We all have different ability levels and the way we recreate in the mountains is not the same. Some people love to winter hike or snowshoe and avoid technical terrain and others prefer to tackle the most advanced challenges possible. Most of us fall somewhere between the two.
Identifying your intended use for your mountaineering boots is imperative to selecting the correct pair. This can be difficult since you may partake in many different activities – hiking, ice climbing, mountaineering, mixed climbing, rock climbing or other – and the weather is never the same. For instance, I partake in all of those activities. Each activity requires different equipment, in different environments and requires different levels of physical exertion. Therefore, finding one boot that will perform in a variety of circumstances is hard. Environmental factors and activity level play a huge role in boot selection.

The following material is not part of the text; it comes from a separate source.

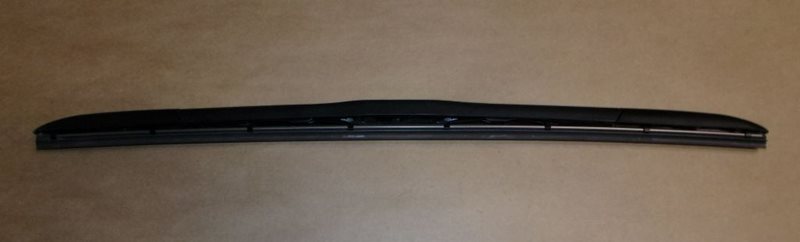 Pióro wycieraczki Renault Arkana 450 mm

The general recreationalist – one who likes to venture outside but not on a daily or weekly basis – will inevitably prioritize different characteristics in their boots than an outdoor enthusiast or professional who spends every day in the mountains. Hypothetically speaking, if you plan to stay below tree line and only recreate on warmer winter days then warmth isn’t the most important feature of your boots. If you are a technical climber where weight is of the essence or a mountaineer where warmth and weight are critical then you may prioritize different characteristics. In this short hypothetical, you can see how a lot of variables can influence which boots you choose to purchase. Find a pair of boots that matches or intended use. Sometimes, one pair of boots isn’t the solution. I own two pairs.
One often overlooked feature of winter boots is crampon compatibility. Crampons are available with a variety of different binding systems to accommodate a large variety of boot designs. However, putting a crampon on a boot without a rigid sole is incredibly difficult. The crampon tends to ‘pop off’ usually at the most inconvenient times. Making sure that your boot is compatible with your crampons is really important for you safety.
Mountaineering boots are expensive. On the cheap side of the scale they will cost around $270 for a new pair of double plastic boots and can cost around $1000 for an 8000m rated boot. Typically, budget drives the decision making process and understandably so. However, do not sacrifice comfort or performance to save a buck. The way we justify the cost is per toe. If you can think about it this way, “the boots aren’t $580 they are $58 per toe” it makes it easier to swallow the upfront investment…at least for me.
You cannot put a price tag on a mountaineering boot that is comfortable and performs well. If your boots keep your feet warm and they “feel just right” then they are worth every penny spent. You can trust me on this one.